Mark Selby Acknowledges Higgins Clashes Are One Of Snooker's Great Challenges

Selby is neck and neck with Higgins once again...
19:43, 25 Apr 2023

Mark Selby acknowledges that his Crucible clashes with John Higgins are becoming the stuff of legend.

The pair have eight world titles equally split between them and whoever emerges from the titanic and ongoing quarter-final will stand a great chance of adding to that tally.

World No2 Selby, 39, and 11th-ranked Higgins, 47, are locked at 4-4 after Tuesday’s first session going into Wednesday’s final two sessions in Sheffield.

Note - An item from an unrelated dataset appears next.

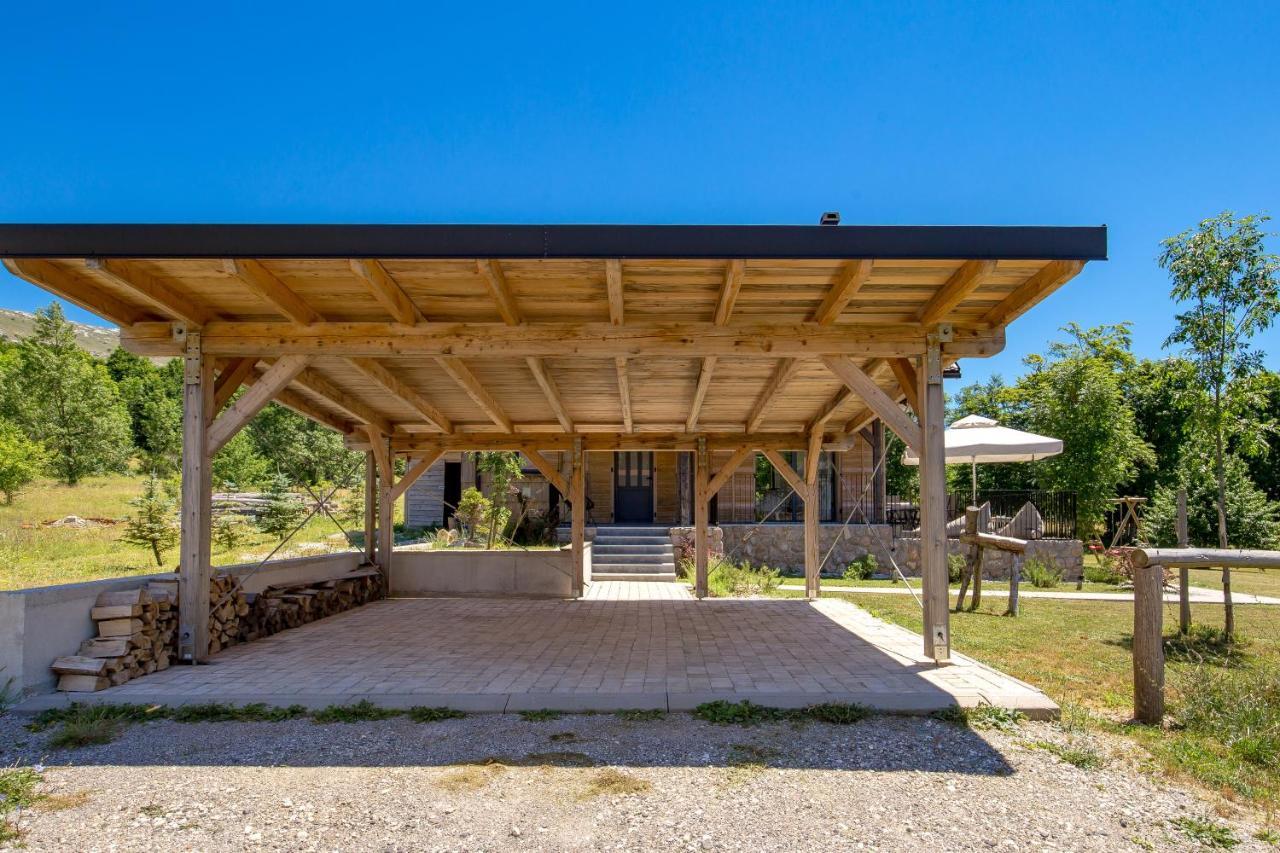 Modern Alpine Monsalbius Chalet Baske Ostarije Esterno foto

It is a sixth meeting on the sport’s biggest stage, the same number as Higgins has had against fellow ‘Class of 1992’ member Ronnie O’Sullivan.

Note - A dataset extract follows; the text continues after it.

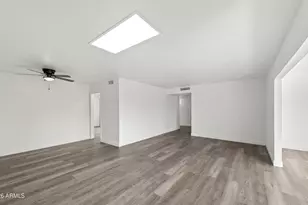 10927 W Peoria Ave, Sun City, AZ 85351 - Photo 11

And only Steve Davis and Terry Griffiths, and Stephen Hendry and Jimmy White – both with seven – have met more often in the iconic theatre.

Selby had to play Scot Higgins the first three years he made it to the latter stages – losing in the first round in 2005, getting revenge a year later at the same stage, and then losing the 2007 final.

Selby, who has won his own final against Higgins since in 2017, said: “Playing John at the Crucible is right up there as one of the great challenges in snooker.

“Him, Ronnie O’Sullivan, Mark Williams…they won’t be around forever so you cherish the times you do play them now on this kind of stage.

“You don’t know if it’s the last time you might play them here, so you go out to enjoy it.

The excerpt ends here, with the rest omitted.